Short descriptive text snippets
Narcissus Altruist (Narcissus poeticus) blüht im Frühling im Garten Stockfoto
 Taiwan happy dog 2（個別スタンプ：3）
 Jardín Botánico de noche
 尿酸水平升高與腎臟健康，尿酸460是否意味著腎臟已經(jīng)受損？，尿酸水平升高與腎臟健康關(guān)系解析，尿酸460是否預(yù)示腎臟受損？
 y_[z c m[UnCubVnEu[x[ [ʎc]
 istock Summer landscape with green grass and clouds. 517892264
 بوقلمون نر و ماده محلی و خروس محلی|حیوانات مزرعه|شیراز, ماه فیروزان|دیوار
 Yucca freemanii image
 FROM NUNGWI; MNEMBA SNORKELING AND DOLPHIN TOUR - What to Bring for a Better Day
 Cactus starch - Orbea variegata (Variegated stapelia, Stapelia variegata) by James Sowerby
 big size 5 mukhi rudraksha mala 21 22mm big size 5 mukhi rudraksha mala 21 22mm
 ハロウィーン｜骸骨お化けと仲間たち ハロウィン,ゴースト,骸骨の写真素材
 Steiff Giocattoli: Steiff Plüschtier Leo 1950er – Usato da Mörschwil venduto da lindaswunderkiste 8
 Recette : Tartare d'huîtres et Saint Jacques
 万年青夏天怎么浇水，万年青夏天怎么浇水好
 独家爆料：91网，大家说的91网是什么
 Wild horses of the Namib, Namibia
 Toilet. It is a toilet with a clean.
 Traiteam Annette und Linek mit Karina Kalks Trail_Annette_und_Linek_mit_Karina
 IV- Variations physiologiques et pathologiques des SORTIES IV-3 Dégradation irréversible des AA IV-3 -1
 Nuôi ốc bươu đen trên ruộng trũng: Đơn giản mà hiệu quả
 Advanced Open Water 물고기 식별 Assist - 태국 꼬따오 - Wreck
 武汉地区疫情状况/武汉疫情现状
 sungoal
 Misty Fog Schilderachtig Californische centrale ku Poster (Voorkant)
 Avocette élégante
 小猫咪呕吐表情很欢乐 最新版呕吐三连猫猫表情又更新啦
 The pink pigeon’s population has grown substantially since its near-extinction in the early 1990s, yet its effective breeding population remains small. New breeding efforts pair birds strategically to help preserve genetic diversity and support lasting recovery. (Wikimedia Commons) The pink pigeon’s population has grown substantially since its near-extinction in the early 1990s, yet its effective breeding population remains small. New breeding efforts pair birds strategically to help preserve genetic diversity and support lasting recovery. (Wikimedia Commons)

TASK ITEM: Retype the entries above exactly, but only from the line containing "Toilet. It is a toilet with a clean." through the line containing "小猫咪呕吐表情很欢乐 最新版呕吐三连猫猫表情又更新啦", both included.

WRITTEN SOLUTION:
 Toilet. It is a toilet with a clean.
 Traiteam Annette und Linek mit Karina Kalks Trail_Annette_und_Linek_mit_Karina
 IV- Variations physiologiques et pathologiques des SORTIES IV-3 Dégradation irréversible des AA IV-3 -1
 Nuôi ốc bươu đen trên ruộng trũng: Đơn giản mà hiệu quả
 Advanced Open Water 물고기 식별 Assist - 태국 꼬따오 - Wreck
 武汉地区疫情状况/武汉疫情现状
 sungoal
 Misty Fog Schilderachtig Californische centrale ku Poster (Voorkant)
 Avocette élégante
 小猫咪呕吐表情很欢乐 最新版呕吐三连猫猫表情又更新啦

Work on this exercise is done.